Orgaworld Contract: Ottawa - Video
Orgaworld Contract Video Transcription:
Why was it necessary to go before the environmental review tribunal at the start of the program? The answer to this is quite simple, Orgaworld needed to protect the city of Ottawa, to ensure that the Ministry of Environment gave us the licenses to receive the threeway streams that they had contracted us to deliver. Orgaworld was awarded a competitively tendered contract to build a high tech facility to process 100,000 tons of source separated organics with a putter pay of $80,000.
Source separated organics is defined in the contract as kitchen waste. The plant was successfully constructed to provide the capacity to produce 100,000 tons of SSO on an annual basis. Orgaworld commissioned the plant in January of 2010 and has been continuously processing SSO on behalf of the city with no disruptions.
The city has not provided consistent delivery of SSO throughout the year. Quantities delivered from the city range from a high of over 9,000 tons per month to just 2,200 tons per month. The contract that was signed with Orgaworld provided three separate scenarios. Scenario one is a current scenario, where we are processing SSO delivered to us that does not include plastic bags, diapers or pet waste. Scenario two would permit the delivery of SSO in plastic bags. Scenario three would provide for SSO being delivered in plastic bags as well as the receipt of diapers and pet waste. Scenarios two and three would both increase the convenience to Ottawa taxpayers to participate in this program which in turn would result in significantly increased volumes. This has been our experience of processing waste in York and Toronto, where plastic bags, diapers and pet waste are included.
Currently, the Ottawa plant is not designed to process waste in plastic bags. This would require a further investment in Orgaworld to bring our plant up to that capacity. This is a situation that we currently have in our other Ontario plant in London, Ontario, where plastic bags are accepted.
At the beginning of this process, waste is separated from the plastic bags so that they become part of the residual and are not incorporated into the compost that is produced by our process.
Orgaworld was surprised and disappointed with the recent ruling of the arbitrator. The arbitrator's ruling clearly agreed with the position of Orgaworld, that peak leaf and yard waste is not to be included as part of the city contract. It further clearly made a distinction between kitchen waste as SSO and leaf and yard waste. For some reason, which we do not understand, the arbitrator still concluded that peak leaf and yard waste could be included in the contract with SSO. It's for this reason that Orgaworld will be appealing this ruling.

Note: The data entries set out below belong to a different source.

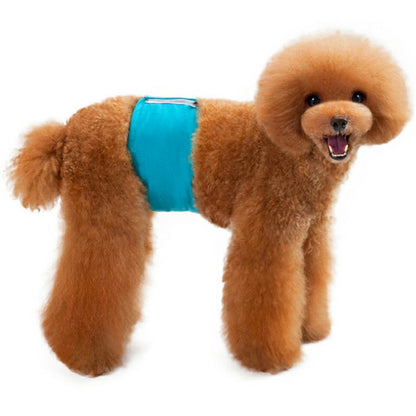 Solid Color Physiology Pants For Pet Male Dogs Polite And Anti-Harassment Puppy Safety Pants, S, M, L, XL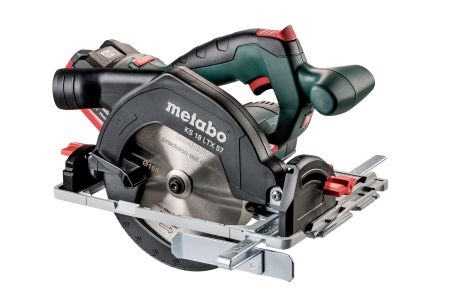 Die Akku-Handkreissäge KS 18 LTX 57 ist für unterschiedlichste Anwendungen gedacht. Foto: Metabo Die Akku-Handkreissäge KS 18 LTX 57 ist für unterschiedlichste Anwendungen gedacht. Foto: Metabo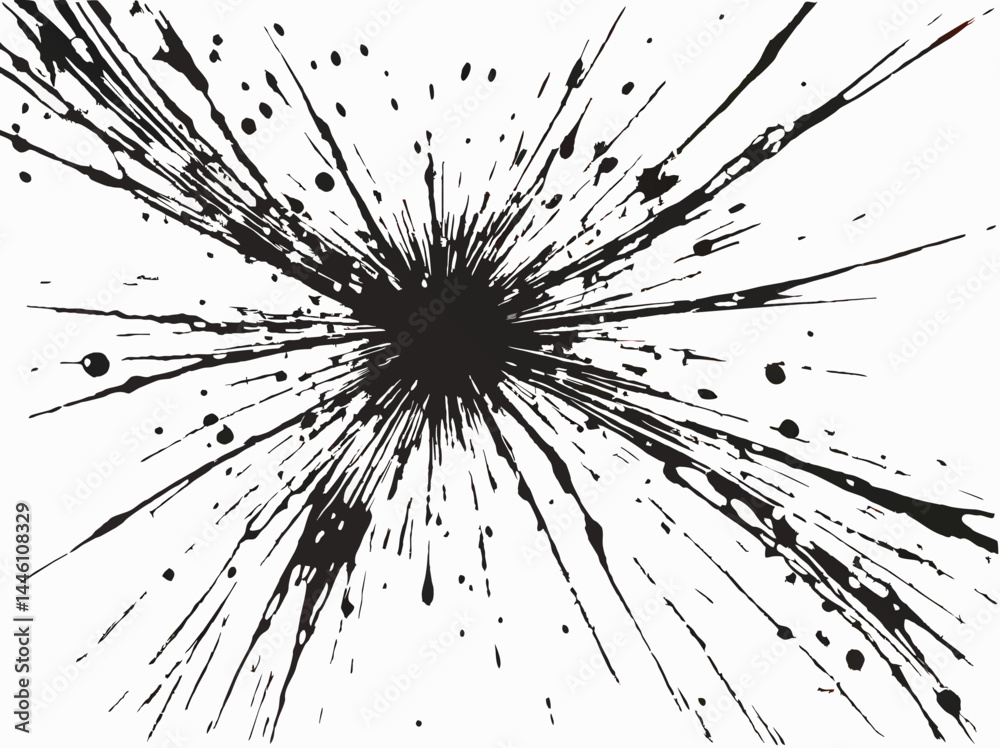 Obraz premium abstract black splatter vector pattern on white background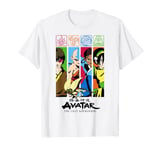 Avatar: The Last Airbender Group Character Panels T-Shirt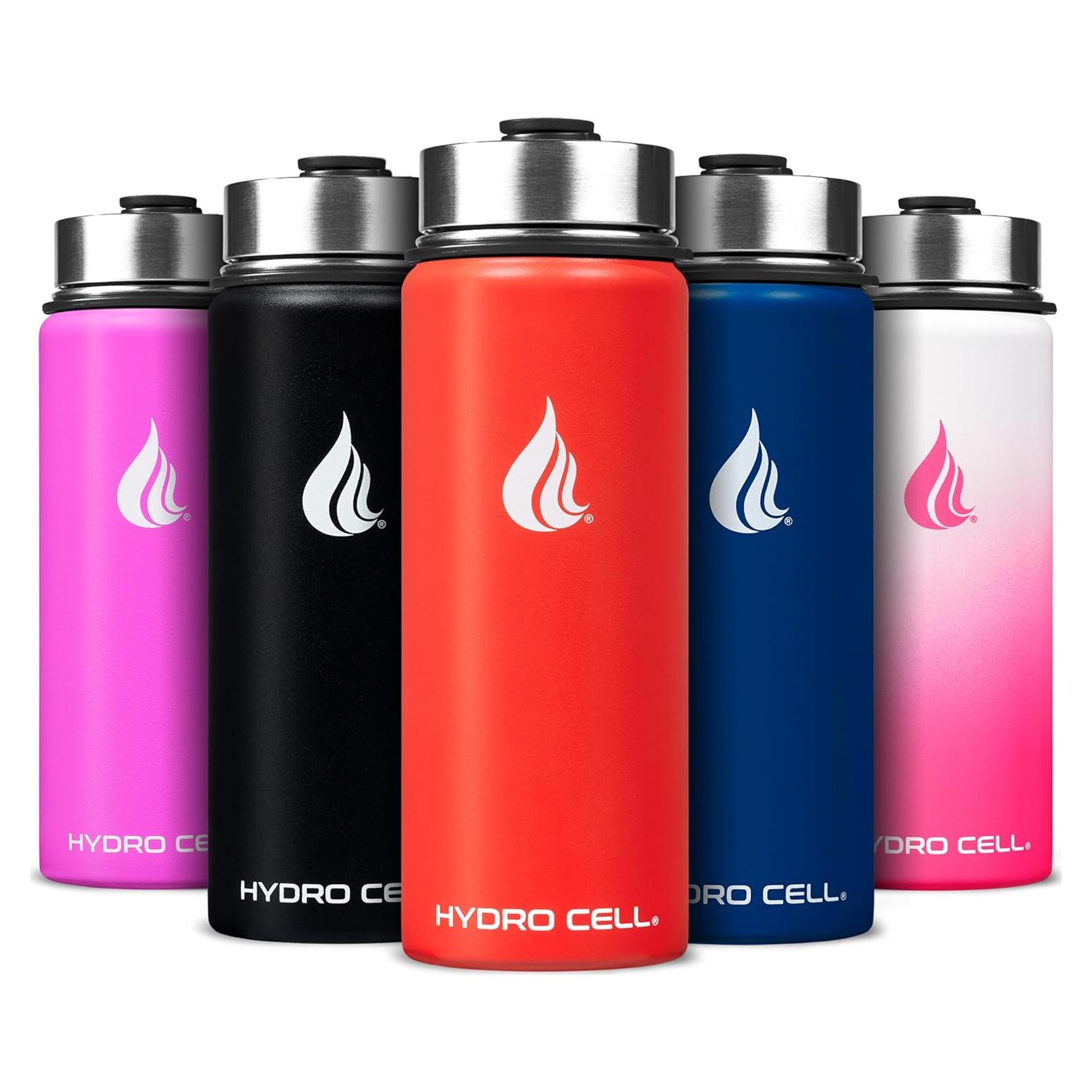 Botella de Agua Aislada Hydro Cell 532ml Mandarina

I believe it's important to remember that the audit recently conducted by the city auditor was of the city of Ottawa's SSO program in terms of how it was designed, developed and delivered. This was an audit of the city processes, it was not an audit of Orgaworld. Orgaworld was never interviewed by the city auditor until after the audit was complete. At the last moment, the new city auditor toured the London and Ottawa facilities to gain a better understanding of how our plants operate but we were not interviewed as part of the audit process. It was for background purposes only.

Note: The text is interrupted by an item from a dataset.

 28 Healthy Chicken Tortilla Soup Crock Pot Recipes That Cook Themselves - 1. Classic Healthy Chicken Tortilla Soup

The contract is very clear about cancellation of the contract for convenience. Schedule ten of the contract specifically identifies the cost of exiting the contract to the city through years one through ten. At this point in time, if the city of Ottawa was to choose to exit this contract, the cost of doing so would be an excess of 56 million dollars. It's important to remember that this was a competitively tendered contract, where Orgaworld invested over 25 million dollars of its own funds to build this facility to service the residents of Ottawa.
Orgaworld has consistently proposed to the city of Ottawa that it would be prepared to sit down and renegotiate the contract in terms of expanding the feedstock. Expanding the feedstock to include scenarios one or two or plastics, diapers and pet waste would increase the ease of use of the program and would promote increased participation. The benefit of this would be that, first of all, the city would very easily achieve its putter pay of 80,000 tons and secondly the peak leaf and yard waste would be able to be sent to Trail Road for processing at a greatly reduced cost for taxpayers.
Orgaworld currently processes all of the leaf and yard waste as well as the kitchen waste sent to its plant 42 weeks of the year. For the remaining 10 weeks of the year, five weeks spring and five weeks fall, peak periods, Orgaworld processes all of the waste it is permitted to under its daily ten inch allowance that can be safely processed. It is important to note that the density of kitchen waste is five times more dense than fall leaf and yard waste. As a result, the plant is being asked to process five times the volume than the plant was designed to process in the first place.